You think we can just compare the lower-middle classes of the developed nations and use that as the "norm" when comparing to the "norm" of the world population thousands of years ago?
The
existence of lower-middle classes anywhere is somewhat of a difference, isn't it?
Do you know how 95% of the population of China and India lives?
About like the
upper class during the beginning of Sumer; nothing like the upper class of Rome, certainly, but better than 95% of the population of Rome.
I picked "8000" because it was the beginning of civilization and agriculture
Yeah, and I was taking that to mean that you thought things
before civilization and agriculture really got started were just as good as today. Never mind, I'm understanding you better now. But why are you accepting that the Agricultural Revolution was "real" progress, and not seeing anything at all since then as having been progress?
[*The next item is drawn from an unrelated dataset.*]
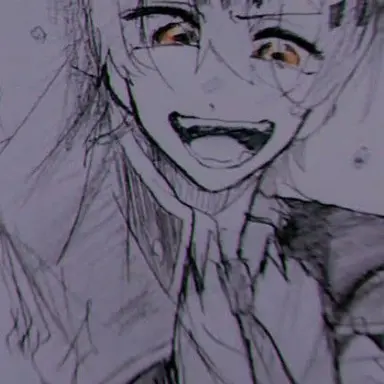 Profile image of うり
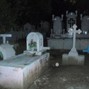 brokecoxy - grave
I can't believe you are actually arguing AGAINST the fact that the Roman elite lived a life of unbelievable luxury....
By the standards of their day, certainly; they monopolized much of the resources. Objectively, they were quite well-fed, had ample leisure time, and were well entertained during that leisure time, and many of them had long life-spans; but on the downside, they had an unusually high chance of early death through violence, no better chance than the lower classes of seeing the majority of their children get through infancy (medicine was a joke), and I was pointing out that in terms of clothing, shelter, and other basic goods they were surprisingly ill-equipped.
The fact that they were the first one to brew wine and beer suggests that they were doing a little more then subsistence farming and living
You are mistaking wine and beer for "luxury" items. Water was largely undrinkable once manure fertilization was widespread, so weak beer was the common drink (remained so until surprisingly recent times); and grapes could not be stored for later any other way but fermentation (bottled grape juice was a 19th-century invention).
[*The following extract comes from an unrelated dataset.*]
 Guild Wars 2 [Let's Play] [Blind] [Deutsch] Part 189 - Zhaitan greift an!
And you are being incredibly naive. The industrial age only started in the 18th century!
That was by no means the start of technical progress. The High Middle Ages (before the 14th-century retrogression in the face of the Hundred Years' War and Black Death) well exceeded the Roman level of prosperity.
And why are you assuming that because we survived WWI and WWII (which was basically just a single 30 year long war), that we will survive anything in the future??
I explicitly said the opposite, that we always have the potential to go either way. Why are you paying no attention to what I post? It is UP TO US whether we survive upcoming crises or not.
Throughout the entire "cold war" the world stood on the brink of being knocked back to the stone age.
And yet we chose to do right, or right enough.